MindTouch: What were you using before MindTouch and why did you replace it?

Volz: When I started here a year ago, there were a number of different tools – all desktop based – that were being used to produce and manage content. One of our first goals was to unify everything into a common source repository and do away with using all these different tools. I needed to find something that I could implement that would be editable and usable by more folks than just me and would get me out of proprietary source formats like Microsoft Word or Adobe source formats.

MindTouch: So what made you decide on MindTouch?

Volz: It was a long evaluation. I have a lot of experience with desktop publishing tools like RoboHelp and FrameMaker. I like all of these tools and think they’re really good, but for the reasons I just mentioned, they weren’t really appropriate for us. I also have a lot of experience with heavy-weight, homemade – if that’s the right word – content management solutions that use some open standards – DITA, XML, etc. And I knew that these solutions would be too heavy for us to use realistically because it would not only require a lot of programing to get things up and running, but would also require a serious investment in a back-end database that we would need to run on premises. What I needed was something that was collaborative, open to everyone, and wouldn’t require years to build. So I went looking for anything that seemed to meet those criteria.

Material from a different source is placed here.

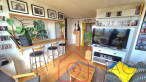 vente Appartement Meudon La Foret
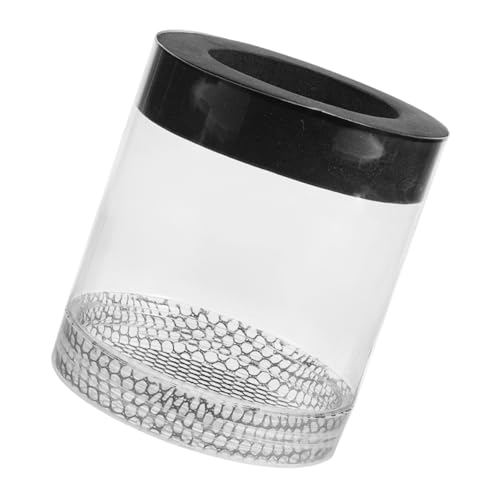 DRESSOOS Aquarium-Box Für Fischzucht Trennerbox Aus Brut-inkubator Mit Transparentem Material Für Einfache Beobachtung Und Pflege DRESSOOS Aquarium-Box Für Fischzucht Trennerbox Aus Brut-inkubator Mit Transparentem Material Für Einfache Beobachtung Und Pflege von DRESSOOS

I evaluated MindTouch last year and was immediately  impressed with how easy it was to get it up and running, how well it uses open standards, and how hands-on the folks at the company are with helping me understand what their product could do. There really wasn’t any alternative once I started looking at MindTouch. There was nothing else out there that gave me all of this in a browser-based UI, which was amazing. It didn’t require me to invest in any on-premise software and it allowed me to be successful quite quickly. I was very impressed.

MindTouch: So how long did it take for you to actually see value in your organization once you implemented MindTouch?

Volz: That’s a good question. It’s difficult to quantify. I tend to quantify the value more in terms of benefits to our users’ experiences, our internal experiences, and the time saved by authors and contributors. I can’t put up an exact number for the amount of hours I saved as a result of implementing MindTouch, but it’s certainly it’s significant. And the benefit to our customers is quite significant as well. I think largely, it’s because the turnaround time to get content from writing, to delivery, to users is so fast now. When I first started [before MindTouch], it could have been weeks before a change to technical content might be delivered to users. Now it’s a matter of minutes in some cases. So, like I said, it’s hard to quantify, but I think that the sort of intangible benefits are immeasurable at this point.

MindTouch: Did you have an “Aha” moment when you first started using MindTouch? And can you share the story with us?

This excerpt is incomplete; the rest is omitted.